Opinião

Um livro nunca é apenas só ele

6 set 2026 21:00

Mas de volta ao livro, Montero pega nas suas memórias e explora a íntima relação entre a criatividade artística, a neurodivergência e a saúde mental

Um amigo deu-me de Rosa Montero o livro O perigo de estar no meu perfeito juízo e se há livros que me dão umas bofetadas valentes este é, sem dúvida, um deles!
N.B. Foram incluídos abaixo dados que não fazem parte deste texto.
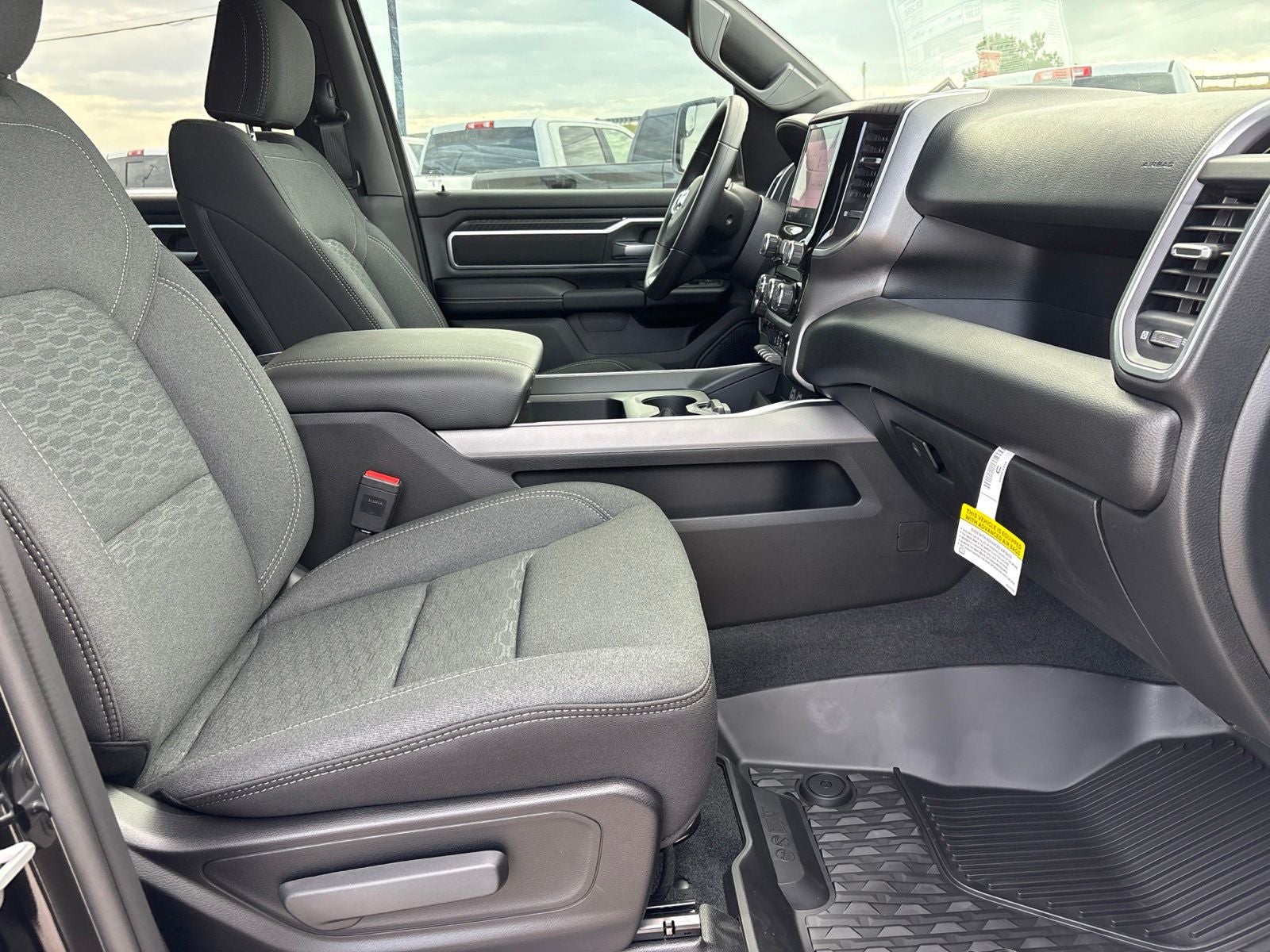 2026 RAM Ram 1500 RAM 1500 LONE STAR CREW CAB 4X4 5'7' BOX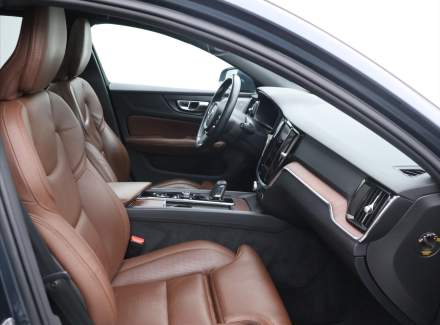 Volvo - V60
É daqueles que me faz sentir algo masoquista uma vez que sou obrigada a pular dele para o exterior e aceito sofrer com o que ele me leva a aprender sobre as origens dos sentimentos produtores das excentricidades dos meus/nossos comportamentos e com mágoa consinto ver a minha ignorância crescer cada vez que aparece uma referência a algum génio da literatura que, até esse momento, eu desconhecia ou da sua obra muito pouco sabia!
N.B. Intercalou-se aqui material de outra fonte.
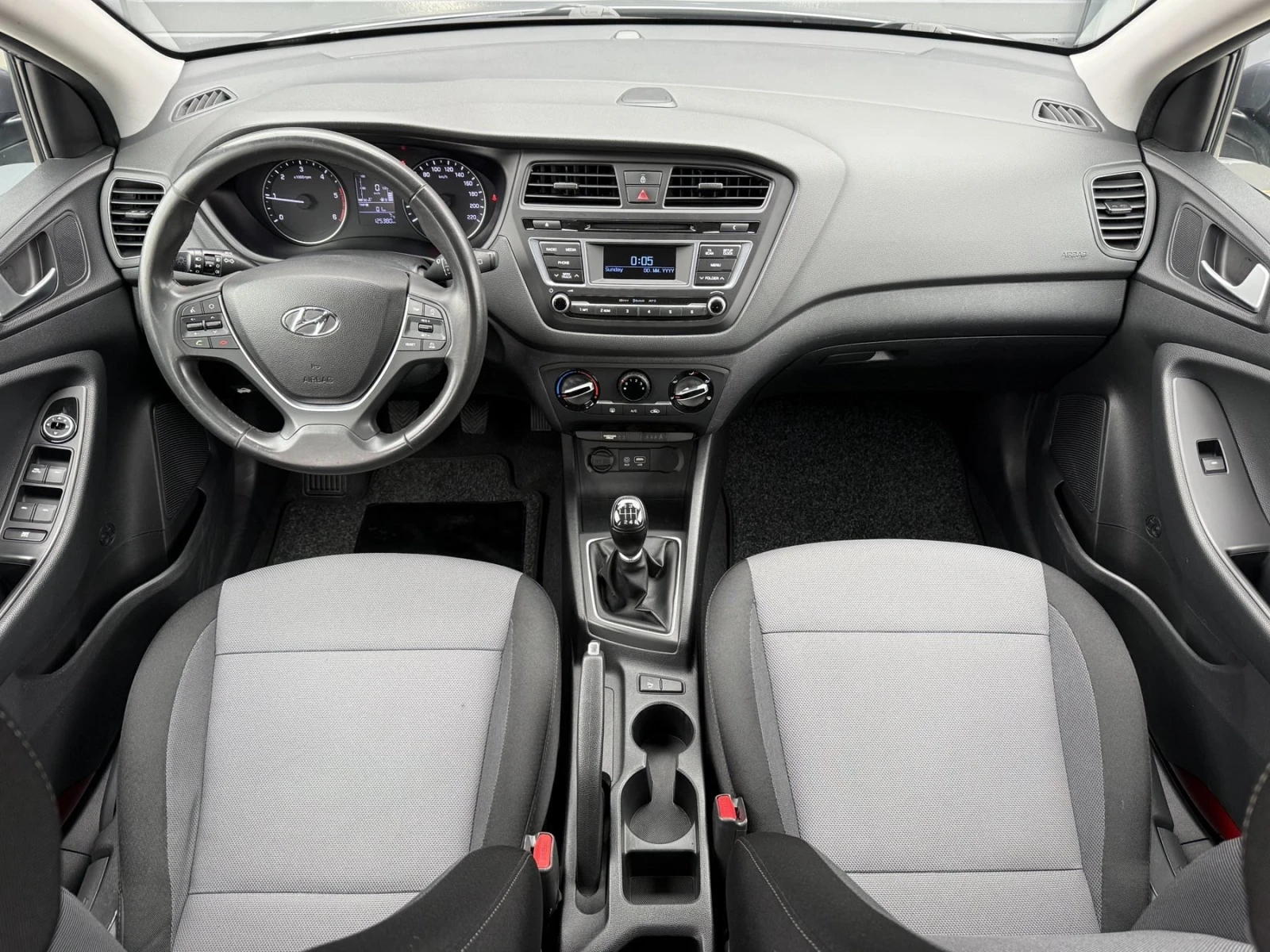 Hyundai I20 1.1 crdi, снимка 7 - Автомобили и джипове - 54577436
Mas de volta ao livro, Montero pega nas suas memórias e explora a íntima relação entre a criatividade artística, a neurodivergência e a saúde mental e defende que a suposta “normalidade” é apenas uma convenção social responsável por tantas vezes, ao olharmos para os comportamentos excêntricos dos génios criativos, neles vermos alguma loucura.

Para ela, o cérebro de escritores processa a realidade de forma diferente, surgindo uma grande obra artística quando se dá a combinação única e irrepetível de fatores químicos cerebrais e determinadas experiências biográficas que permitem que o artista construa a sua obra como um mecanismo de defesa psicológica contra traumas antigos.

Para provar a sua tese sobre o trauma, a dissociação e a “fiação” cerebral única dos artistas a autora pega na vida e nos colapsos mentais de Virginia Woolf, Ernest Hemingway, Sylvia Plath, Marcel Proust e Emily Dickinson, todos eles grandes vultos da literatura mundial.

E eis que é por causa da demonstração imbricada desta tese de Rosa Montero - ser para o criador um fardo muito pesado e até perigoso quando em busca de uma lucidez “normal”, perante o sofrimento do mundo e os abismos da própria mente, transforma a sua obra numa via de salvação - que eu agora, ainda dentro mas também já fora do livro, me encontro a olhar para os escritos de Michel Foucault e a ter de refletir sobre se é ou não a suposta normalidade apenas uma construção cultural usada pelas estruturas de poder para disciplinar os corpos e as mentes.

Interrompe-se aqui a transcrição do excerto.